Les données de la DREES vont dans son sens. En 2022, le niveau de vie médian des retraités est revenu au niveau de celui de l'ensemble de la population, après lui avoir été supérieur pendant plus de quinze ans ; leurs pensions sont en moyenne inférieures aux revenus des actifs, l'écart étant en partie compensé par l'absence d'enfants à charge. Côté pauvreté, 11,1 % des retraités vivent sous le seuil — mais moins souvent que l'ensemble de la population, à 14,4 %, ce qu'elle ne précise pas.
« on fait croire que les retraités sont riches et le niveau de vie moyen des retraités est un peu inférieur au niveau de vie moyen des actifs. Deuxièmement, il y a 11 % de pauvres dans les retraités. »
Aucun seuil n'est arrêté — la journaliste le rappelle sur le plateau — et les scénarios qui ont filtré s'étagent entre 2 000 et 3 000 € bruts.

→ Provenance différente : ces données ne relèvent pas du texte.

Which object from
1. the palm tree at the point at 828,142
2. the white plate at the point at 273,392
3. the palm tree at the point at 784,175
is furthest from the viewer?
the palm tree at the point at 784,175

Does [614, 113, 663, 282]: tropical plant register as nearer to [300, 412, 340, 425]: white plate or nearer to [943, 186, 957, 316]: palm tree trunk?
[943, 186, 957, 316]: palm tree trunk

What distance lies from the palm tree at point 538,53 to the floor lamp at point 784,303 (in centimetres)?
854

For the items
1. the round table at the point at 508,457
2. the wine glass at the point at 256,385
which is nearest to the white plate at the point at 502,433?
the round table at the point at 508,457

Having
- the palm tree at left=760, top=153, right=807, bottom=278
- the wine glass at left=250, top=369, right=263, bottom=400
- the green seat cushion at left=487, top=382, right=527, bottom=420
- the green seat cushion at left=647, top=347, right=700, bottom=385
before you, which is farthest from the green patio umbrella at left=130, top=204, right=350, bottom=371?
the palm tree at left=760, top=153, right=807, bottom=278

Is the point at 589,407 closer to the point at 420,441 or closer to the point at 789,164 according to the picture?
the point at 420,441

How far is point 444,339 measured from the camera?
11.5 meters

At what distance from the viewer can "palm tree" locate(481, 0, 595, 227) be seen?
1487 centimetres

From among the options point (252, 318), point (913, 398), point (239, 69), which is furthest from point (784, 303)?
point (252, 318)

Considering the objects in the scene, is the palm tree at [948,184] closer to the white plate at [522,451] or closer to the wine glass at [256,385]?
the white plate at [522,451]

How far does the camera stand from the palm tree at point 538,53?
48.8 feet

À 3 000 €, la mesure toucherait environ 1,7 million de personnes, soit le dixième supérieur des pensions ; la DREES situe la pension directe moyenne à 1 705 € bruts fin 2024 et compte 8 % de retraités au-dessus de 3 000 €. Aucune estimation publiée ne confirme les « plus de 40 % » à 2 000 €, même si sa conclusion — un tel seuil dépasse largement les plus aisés — n'est pas en cause.

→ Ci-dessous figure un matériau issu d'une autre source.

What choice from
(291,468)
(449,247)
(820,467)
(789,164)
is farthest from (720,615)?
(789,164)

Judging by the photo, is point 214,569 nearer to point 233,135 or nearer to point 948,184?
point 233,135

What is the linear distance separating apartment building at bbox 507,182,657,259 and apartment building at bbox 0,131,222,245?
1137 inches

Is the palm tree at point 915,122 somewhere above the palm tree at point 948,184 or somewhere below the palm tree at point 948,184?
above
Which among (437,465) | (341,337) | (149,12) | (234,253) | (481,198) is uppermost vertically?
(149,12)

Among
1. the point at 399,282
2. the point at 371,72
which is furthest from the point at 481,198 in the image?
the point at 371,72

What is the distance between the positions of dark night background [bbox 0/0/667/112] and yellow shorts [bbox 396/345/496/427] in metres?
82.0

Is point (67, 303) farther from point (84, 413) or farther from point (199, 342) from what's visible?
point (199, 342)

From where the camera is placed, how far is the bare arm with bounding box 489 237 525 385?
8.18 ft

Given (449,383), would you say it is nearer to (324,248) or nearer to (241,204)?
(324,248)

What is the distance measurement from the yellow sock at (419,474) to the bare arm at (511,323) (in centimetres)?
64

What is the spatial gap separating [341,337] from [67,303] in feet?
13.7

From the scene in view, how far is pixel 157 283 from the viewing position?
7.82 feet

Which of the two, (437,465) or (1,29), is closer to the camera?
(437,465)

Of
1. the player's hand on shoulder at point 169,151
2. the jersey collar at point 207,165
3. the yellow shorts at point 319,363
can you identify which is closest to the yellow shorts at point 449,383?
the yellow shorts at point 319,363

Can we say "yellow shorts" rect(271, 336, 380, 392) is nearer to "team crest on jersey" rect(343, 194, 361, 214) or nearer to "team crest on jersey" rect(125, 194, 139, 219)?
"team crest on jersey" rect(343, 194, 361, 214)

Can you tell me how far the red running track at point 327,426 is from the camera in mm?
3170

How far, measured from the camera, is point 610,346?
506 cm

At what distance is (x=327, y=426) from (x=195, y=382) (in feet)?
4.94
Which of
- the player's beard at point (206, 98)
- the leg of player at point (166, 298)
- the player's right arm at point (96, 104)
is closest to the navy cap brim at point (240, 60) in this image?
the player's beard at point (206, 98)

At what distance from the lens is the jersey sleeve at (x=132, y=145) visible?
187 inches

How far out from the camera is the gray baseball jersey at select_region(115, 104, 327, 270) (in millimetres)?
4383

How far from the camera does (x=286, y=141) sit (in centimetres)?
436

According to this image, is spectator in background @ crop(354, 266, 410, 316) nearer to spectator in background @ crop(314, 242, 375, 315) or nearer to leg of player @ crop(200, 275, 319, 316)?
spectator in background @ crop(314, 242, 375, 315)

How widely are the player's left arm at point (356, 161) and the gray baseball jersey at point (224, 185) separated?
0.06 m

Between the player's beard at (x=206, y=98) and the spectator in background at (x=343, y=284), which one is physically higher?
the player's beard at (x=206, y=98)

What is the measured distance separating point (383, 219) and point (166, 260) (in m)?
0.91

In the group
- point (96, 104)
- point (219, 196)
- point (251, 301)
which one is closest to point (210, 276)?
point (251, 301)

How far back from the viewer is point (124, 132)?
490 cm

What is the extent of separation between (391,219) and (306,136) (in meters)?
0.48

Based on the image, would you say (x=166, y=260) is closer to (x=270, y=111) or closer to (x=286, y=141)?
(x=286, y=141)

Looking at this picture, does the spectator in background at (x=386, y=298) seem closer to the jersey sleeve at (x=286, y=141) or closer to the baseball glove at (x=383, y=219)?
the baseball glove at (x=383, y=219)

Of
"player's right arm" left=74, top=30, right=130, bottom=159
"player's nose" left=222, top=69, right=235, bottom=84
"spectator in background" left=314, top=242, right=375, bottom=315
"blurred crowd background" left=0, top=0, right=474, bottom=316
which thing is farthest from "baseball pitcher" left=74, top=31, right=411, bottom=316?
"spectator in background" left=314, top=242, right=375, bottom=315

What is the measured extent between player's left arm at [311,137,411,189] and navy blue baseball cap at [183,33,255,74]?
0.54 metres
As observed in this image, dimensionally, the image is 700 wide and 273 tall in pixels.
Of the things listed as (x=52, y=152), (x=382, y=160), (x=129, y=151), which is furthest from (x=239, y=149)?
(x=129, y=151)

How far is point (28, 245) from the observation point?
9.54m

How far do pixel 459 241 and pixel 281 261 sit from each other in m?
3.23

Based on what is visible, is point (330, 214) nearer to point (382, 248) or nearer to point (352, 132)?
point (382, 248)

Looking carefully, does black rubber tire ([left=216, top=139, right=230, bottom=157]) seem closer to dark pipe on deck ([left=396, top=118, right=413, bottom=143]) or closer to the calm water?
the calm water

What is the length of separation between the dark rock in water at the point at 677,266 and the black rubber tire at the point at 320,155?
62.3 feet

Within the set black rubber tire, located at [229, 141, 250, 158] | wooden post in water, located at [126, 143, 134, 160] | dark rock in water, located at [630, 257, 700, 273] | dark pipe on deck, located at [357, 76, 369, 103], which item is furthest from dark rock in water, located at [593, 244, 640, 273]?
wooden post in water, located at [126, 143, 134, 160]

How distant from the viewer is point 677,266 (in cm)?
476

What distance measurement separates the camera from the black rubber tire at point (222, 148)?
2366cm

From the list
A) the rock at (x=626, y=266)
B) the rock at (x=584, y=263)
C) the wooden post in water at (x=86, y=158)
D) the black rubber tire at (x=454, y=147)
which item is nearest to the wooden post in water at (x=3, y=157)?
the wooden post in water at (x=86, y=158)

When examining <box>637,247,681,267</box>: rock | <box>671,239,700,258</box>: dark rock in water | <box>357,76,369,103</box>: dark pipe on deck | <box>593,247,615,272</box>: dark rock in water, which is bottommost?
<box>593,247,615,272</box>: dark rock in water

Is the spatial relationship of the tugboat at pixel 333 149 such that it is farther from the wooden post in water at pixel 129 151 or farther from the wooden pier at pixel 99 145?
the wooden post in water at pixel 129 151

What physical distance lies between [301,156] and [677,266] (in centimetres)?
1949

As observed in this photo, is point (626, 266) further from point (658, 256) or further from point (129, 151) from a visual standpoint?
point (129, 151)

« à 2000 €, si on va désindexer les pensions de retraite à 2000 €, ça veut dire qu'on a plus de 40 % des retraités qui sont concernés. Alors c'est pas les plus riches, c'est pas les ultra riches »
Le tweet de Jordan Bardella dit que les intérêts versés par l'État sur la dette détenue par la Banque de France lui reviennent en dividendes. Le circuit existe — l'État en est l'actionnaire unique — mais il est à l'arrêt : la Banque de France ne verse plus ni dividende ni impôt sur les sociétés depuis l'exercice 2022, la rémunération qu'elle doit aux banques ayant dépassé ses recettes d'intérêts, jusqu'à 12,5 milliards d'euros de perte en 2023. Des dividendes ont bien été versés entre 2015 et 2021.
« ce que dit Jordan Bardella, c'est pas faux en théorie mais dans la pratique la dette actuelle elle coûte de l'argent à l'État et c'est pas compensé par des dividendes qu'on toucherait de la Banque de France »
L'affirmation vient de Matthieu Pigasse, banquier d'affaires ayant participé à la restructuration de 2012, invité aux universités d'été de La France insoumise. L'échange de mars 2012 a porté sur environ 197 milliards d'euros de titres détenus par le privé, avec une décote nominale de 53,5 % — plus de 70 % en valeur actualisée : la part dépend de la mesure retenue, et les économistes consultés par franceinfo citent 59 à 65 %. L'opération a coûté : les banques grecques porteuses de dette nationale ont perdu des dizaines de milliards, et l'État a emprunté pour les recapitaliser.
« l'État grec finalement s'est débarrassé d'une dette pour d'une certaine manière en souscrire une nouvelle. Donc on peut pas vraiment dire que ça a été fait sans dommage. »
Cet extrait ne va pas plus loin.